Assigned task:
The output should be the listing below, limited to the lines from the one with "Um dia com os" through the one with "Tomaten Reifeprozess in", exact and without pictures.

Source material:
━━━

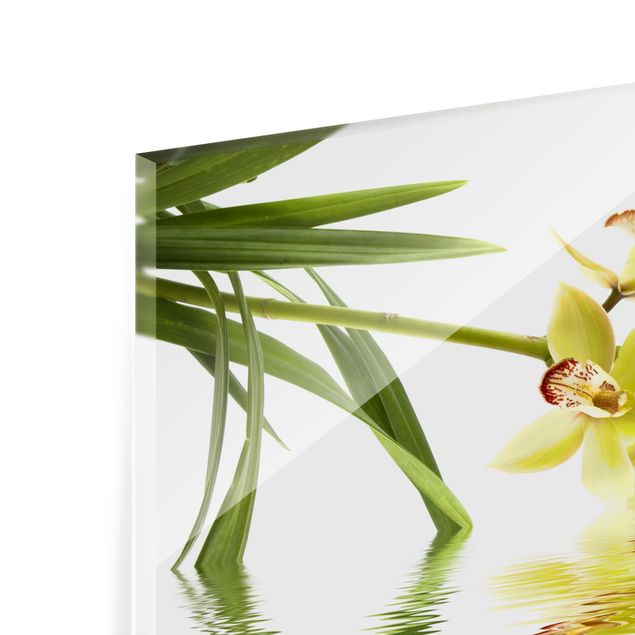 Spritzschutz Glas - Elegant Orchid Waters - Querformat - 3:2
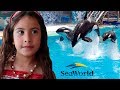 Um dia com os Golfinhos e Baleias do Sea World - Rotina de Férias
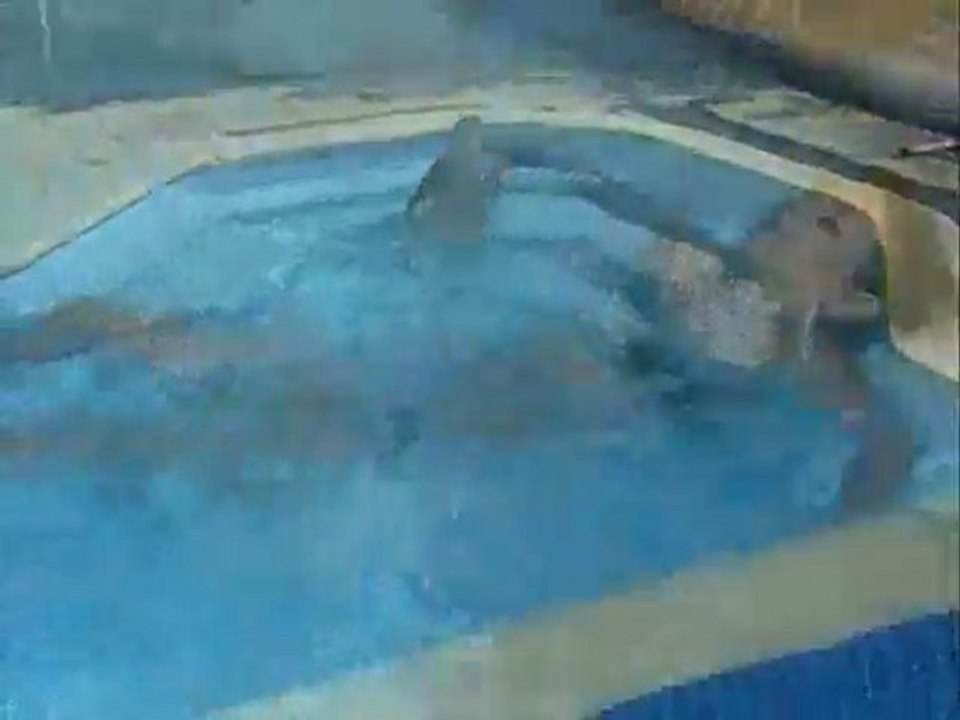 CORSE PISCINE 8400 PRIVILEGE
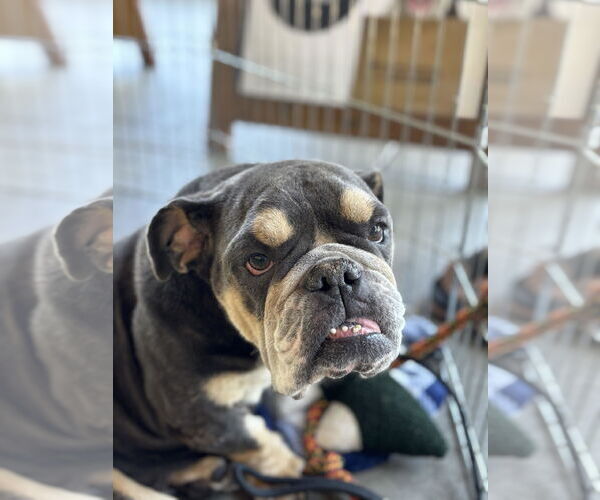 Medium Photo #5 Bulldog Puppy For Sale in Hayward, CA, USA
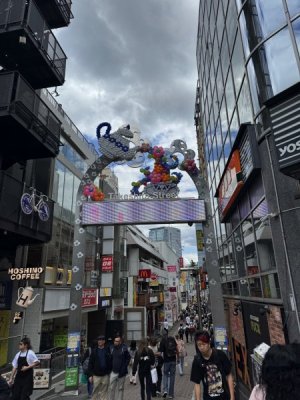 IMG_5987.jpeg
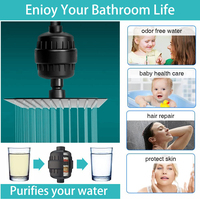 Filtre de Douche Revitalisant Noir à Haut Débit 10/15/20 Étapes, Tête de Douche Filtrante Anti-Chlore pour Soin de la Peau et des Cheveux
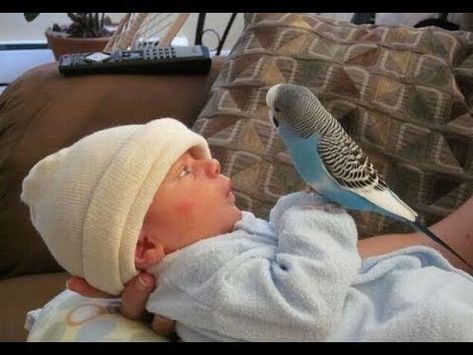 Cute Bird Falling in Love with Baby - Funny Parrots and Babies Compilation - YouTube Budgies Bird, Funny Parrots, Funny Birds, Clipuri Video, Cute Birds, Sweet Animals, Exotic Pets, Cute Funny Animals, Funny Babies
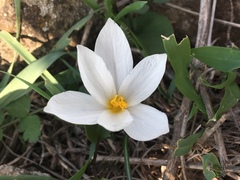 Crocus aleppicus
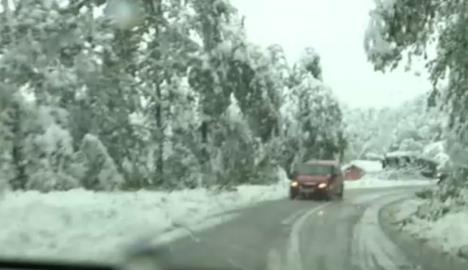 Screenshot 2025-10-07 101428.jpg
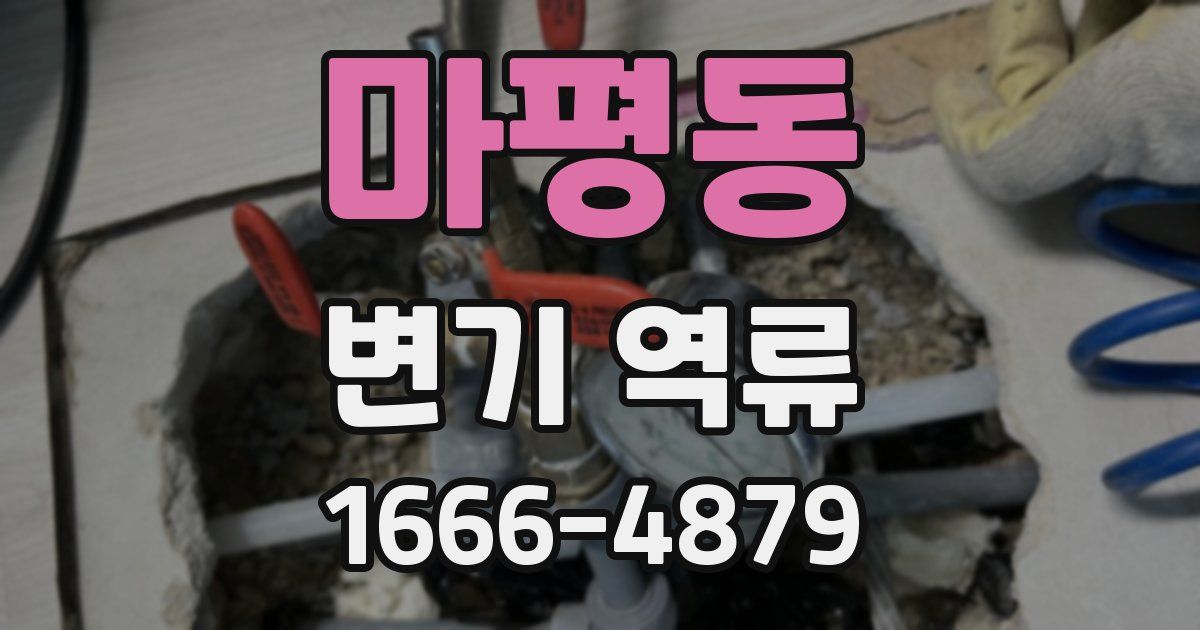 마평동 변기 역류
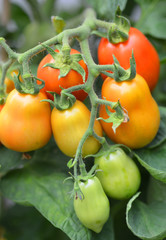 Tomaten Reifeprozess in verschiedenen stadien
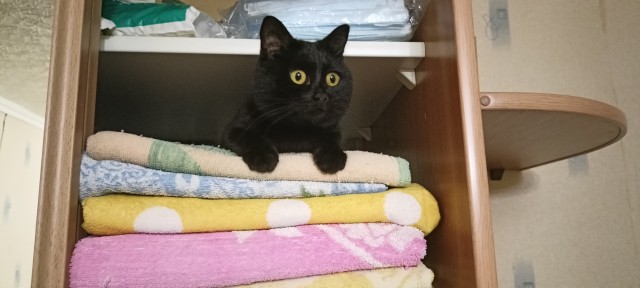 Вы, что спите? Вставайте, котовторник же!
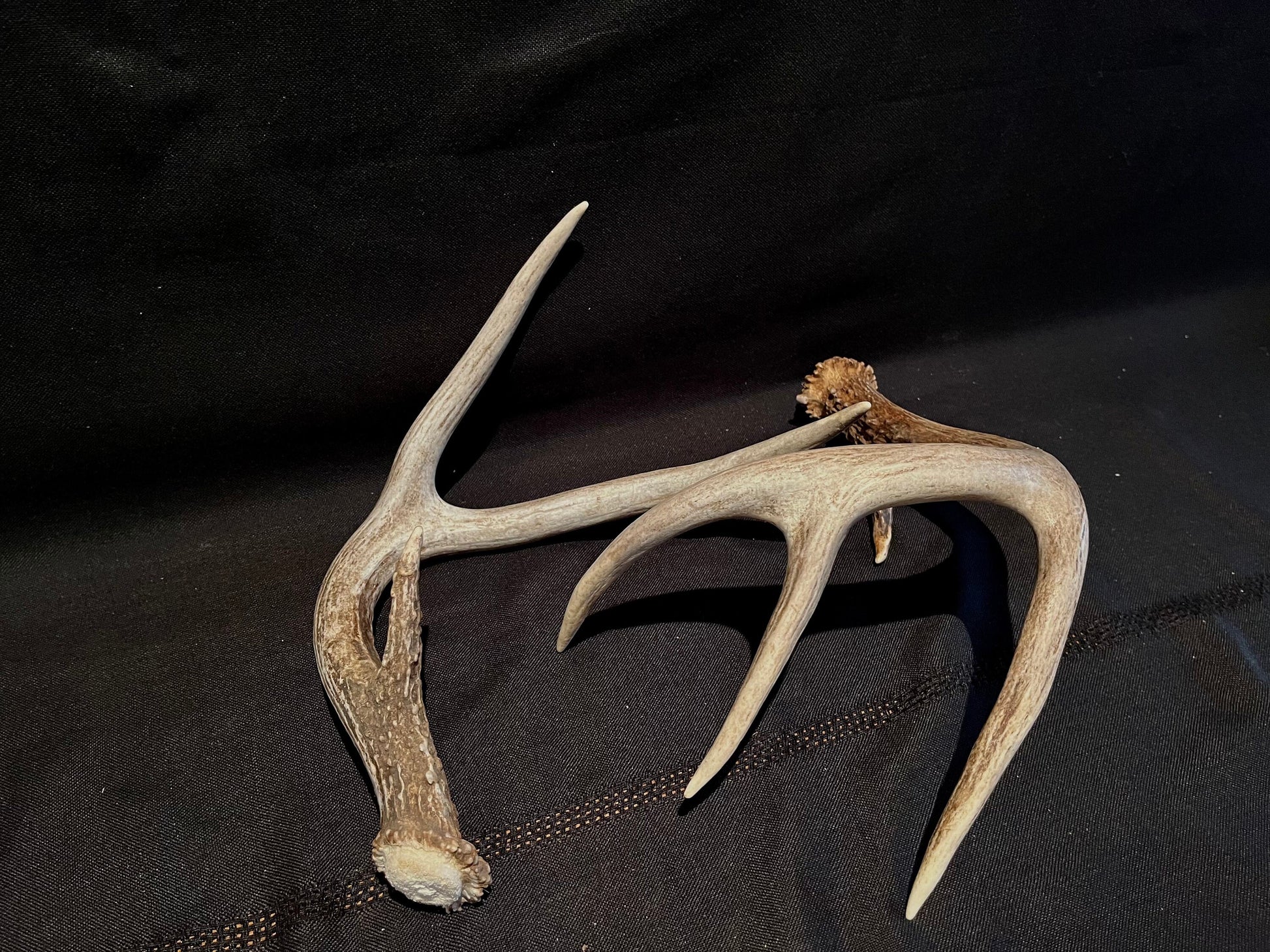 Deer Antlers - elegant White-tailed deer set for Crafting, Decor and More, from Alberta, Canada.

━━━

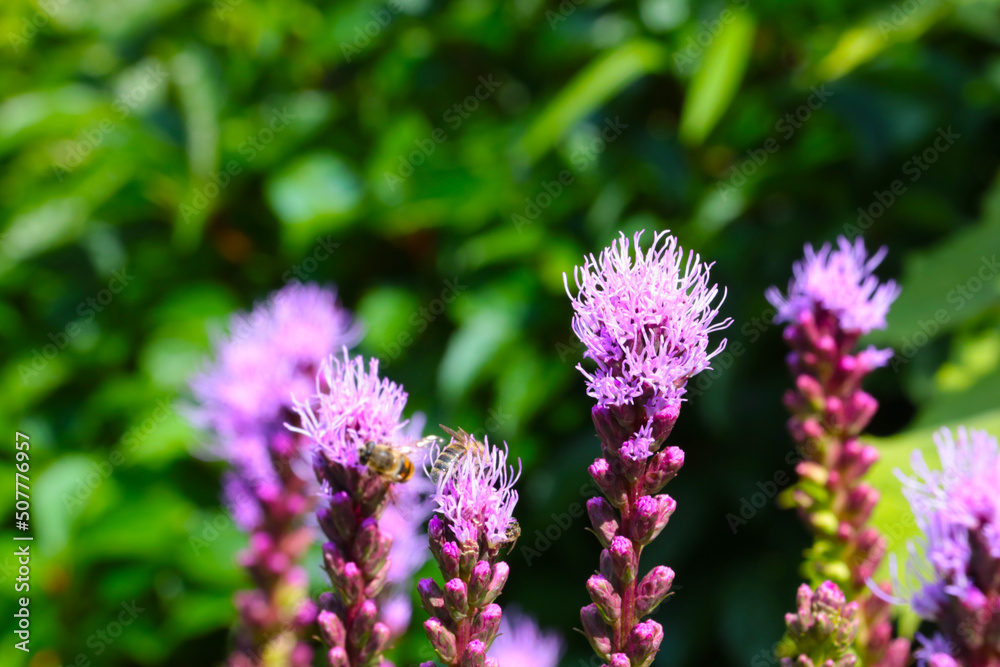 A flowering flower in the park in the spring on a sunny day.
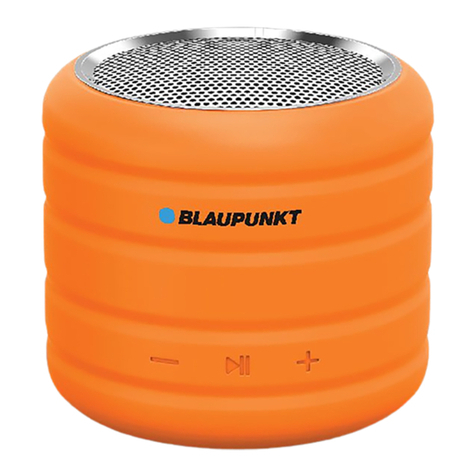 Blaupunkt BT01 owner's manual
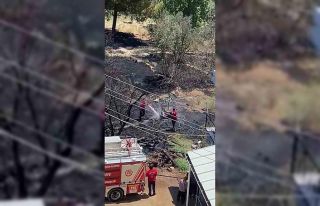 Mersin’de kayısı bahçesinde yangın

━━━

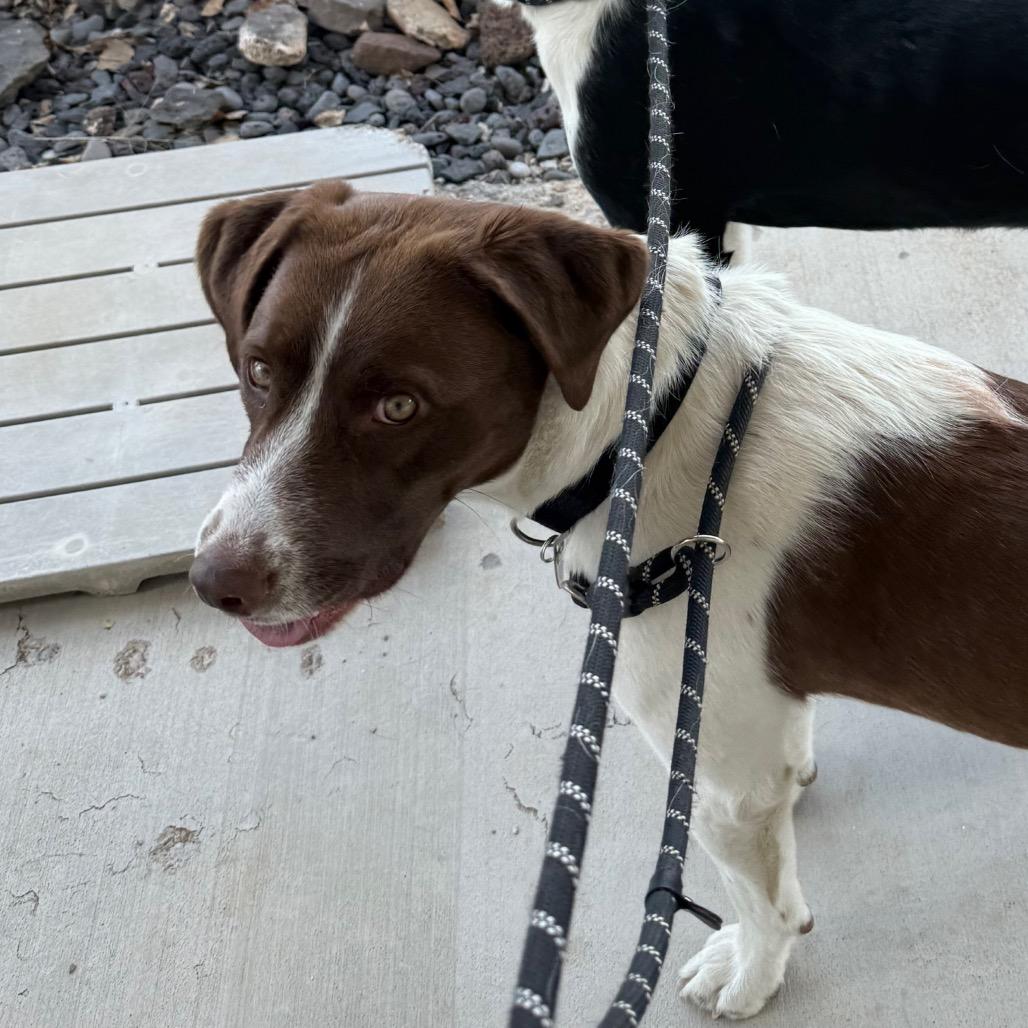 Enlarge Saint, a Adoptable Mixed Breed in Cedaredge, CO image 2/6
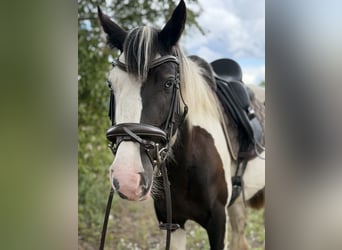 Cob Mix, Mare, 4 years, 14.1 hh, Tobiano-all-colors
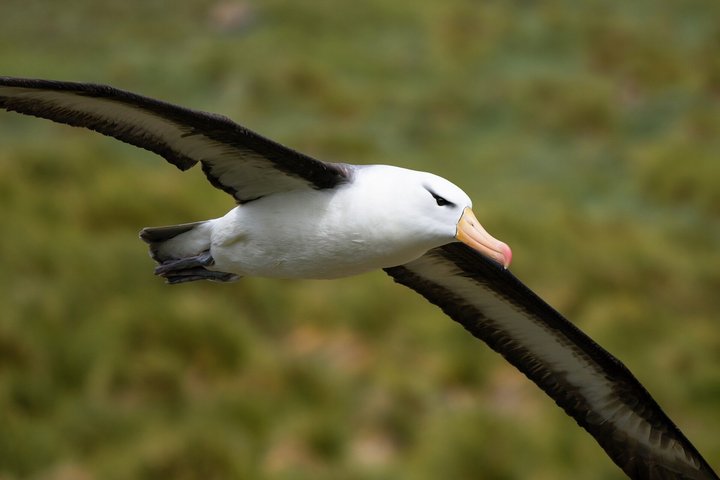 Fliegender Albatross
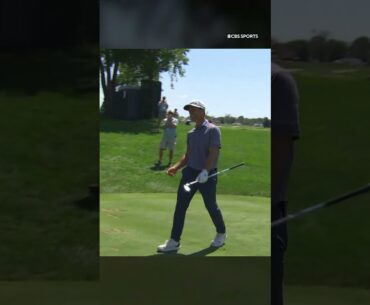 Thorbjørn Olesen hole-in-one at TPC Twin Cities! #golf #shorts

━━━

Output for this task:
 Um dia com os Golfinhos e Baleias do Sea World - Rotina de Férias
 CORSE PISCINE 8400 PRIVILEGE
 Medium Photo #5 Bulldog Puppy For Sale in Hayward, CA, USA
 IMG_5987.jpeg
 Filtre de Douche Revitalisant Noir à Haut Débit 10/15/20 Étapes, Tête de Douche Filtrante Anti-Chlore pour Soin de la Peau et des Cheveux
 Cute Bird Falling in Love with Baby - Funny Parrots and Babies Compilation - YouTube Budgies Bird, Funny Parrots, Funny Birds, Clipuri Video, Cute Birds, Sweet Animals, Exotic Pets, Cute Funny Animals, Funny Babies
 Crocus aleppicus
 Screenshot 2025-10-07 101428.jpg
 마평동 변기 역류
 Tomaten Reifeprozess in verschiedenen stadien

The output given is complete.